I’ve been using PPPoE for most of this year for authentication of fixed wireless clients. I have one MT PPPoE Access Concentrator (AC) on my network and several other MT routers. So that clients can all authenticate against the AC I’ve set up EoIP tunnels between the MT router near some users (local router) and the AC, thus the PPPoE tunnel is terminated on the AC at is not stopped at the segment the user is in.
This solution has been great, allowing users to have a public IP address via the PPPoE connection and all but the AC router having private IP addresses. This has maximised the number of spare public IP addresses I have and simplified the creation of PPP secrets (I’ve not got into the whole RADIUS thing yet)
Recently I upgraded my Internet pipe from 0.5Mbps to 1Mbps and tried to supply all of this speed to a couple of PPPoE Clients, the speed was worse than with 0.5Mbps. I first thought the wireless backhaul might not be upto it but using bandwidth test I can get >3.5Mbps one way and about 1Mbps both, if I use normal routing with masquerade to the Internet I get the full bandwidth.
PPPoE directly connected to the AC is fine too as to is the same routing setup tested on my wired 100Mbps LAN, although I notice a 50% reduction in network throughput speed.
I tried setting up the local router (the one near the users) with a PPPoE AC and then normal routing to the Internet gateway, this too worked well.
My AC router is a Pentium 2 450Mhz 128Mb RAM netgear MA311 wireless NIC the Local routers are Pentium Pro 200 72Mb RAM. The wireless network is 2 hops with a 2-radio repeater in the middle (802.11b) & <0.5% packet loss.
So why is the EoIP killing the PPPoE performance? is the only option to route the public addresses closer to the users then use PPPoE just in that segment? any comment or help is most welcome!
This is not possible on my network config as only the AC router has a wireless NIC the rest are using Osbridges and Dlink 900AP+ units.
I’m not sure that WDS would help as this would just create one large segment, somthing I’m trying to avoid hence the use of routers to split the segments up… although I’ve suspected that what I’ve beed doing is bridging them back together with the EoIP.
The MTU may just be it!
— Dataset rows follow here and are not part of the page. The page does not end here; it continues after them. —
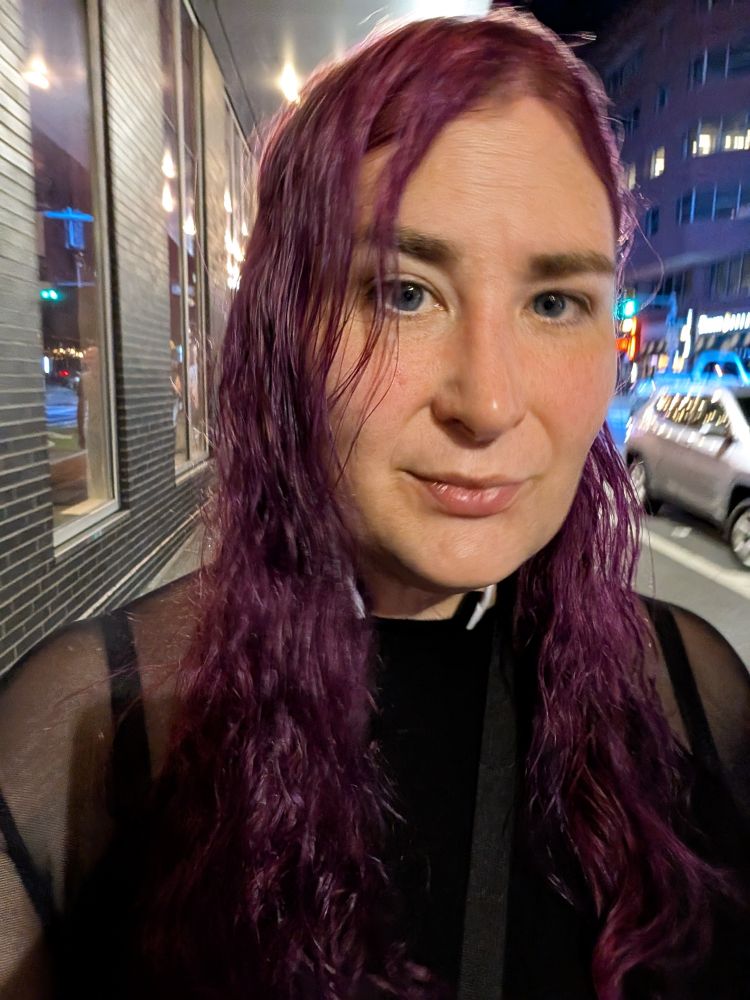 Marie walking in Boston, still with dark purple hair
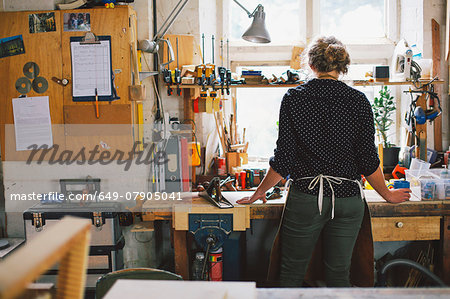 Rear view of young craftswoman at workbench in pipe organ workshop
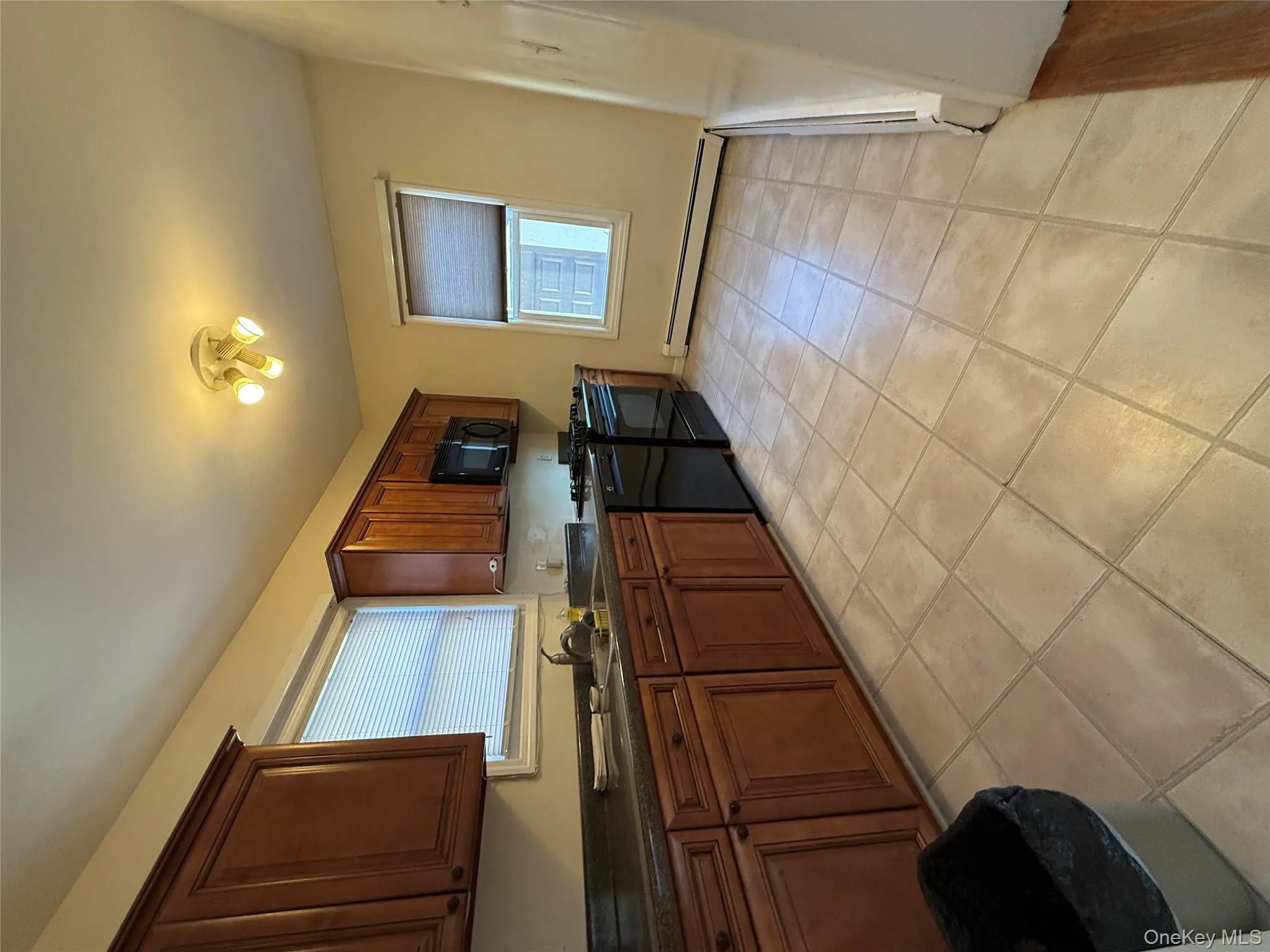 Kitchen with dark countertops, black stove, light tile patterned flooring, and healthy amount of natural light Kitchen with dark countertops, black stove, light tile patterned flooring, and healthy amount of natural light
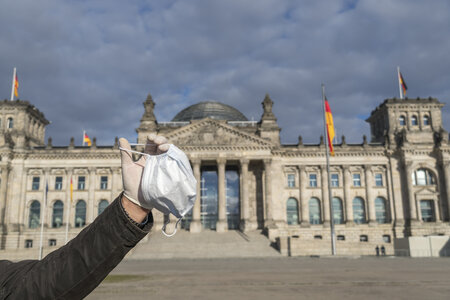 Mit einer Corona-Maske vor dem Bundestag
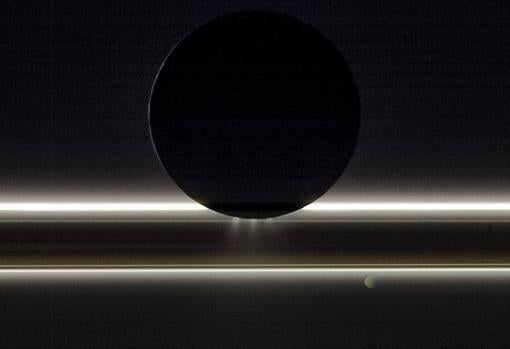 Encélado, la luna de Saturno, se desplaza ante los anillos y la pequeña luna Pandora en esta vista que la nave Cassini de la NASA capturó el 1 de noviembre de 2009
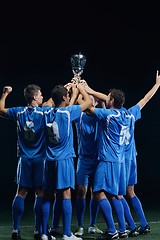 Image showing soccer players celebrating victory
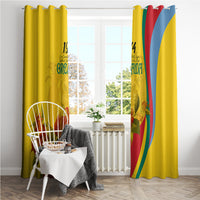 Yellow Grenada flag-style window curtains with “1974” and bougainvillea flowers printed on fabric.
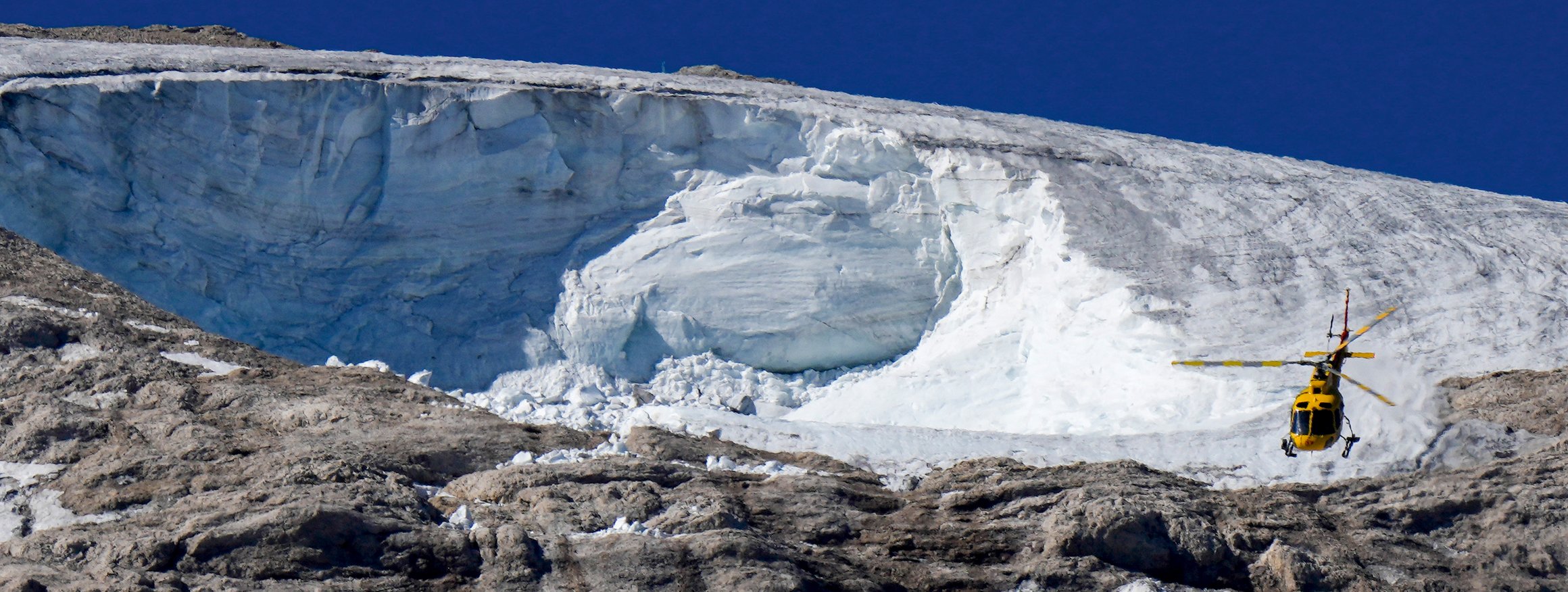 Ein Rettungshubschrauber im Einsatz in den Dolomiten, dahinter ein Gletscher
I will have to do some tests but it was set to 1492 (I think that is what MT RouterOS makes it when you create a PPPoE Server)
As for cards, the AC has an intel PRO/100 (built into the Compaq SFF) and Netgear MA311 (Prism 2.5) but also tried going though one of the 4 ports on the DLink 580TX (Sundance) PCI card using a wireless bridge with the same poor results.
Is MT Planning on putting PPPoE relay into RouterOS, I’ve googled but I’m finding it hard to understand exactly what it is can you explain?
poor EoIP thoughput or all trafic? as I’m finding the EoIP / PPPoE is not so good as raw routing without the vpn.
I changed the PPPoE server MTU to 1480 on the AC and the PPPoE is better thanks but still not great, when testing on the wireless LAN I’m getting 500 - 1500 Kbps on the 100Mbps switched wired LAN I’m getting 28Mbps (using PPPoE etc) This is with the same hardware although the NICs are different on the remote router.
Without PPPoE / EoIP I get about 3 Mbps. anymore thoughts?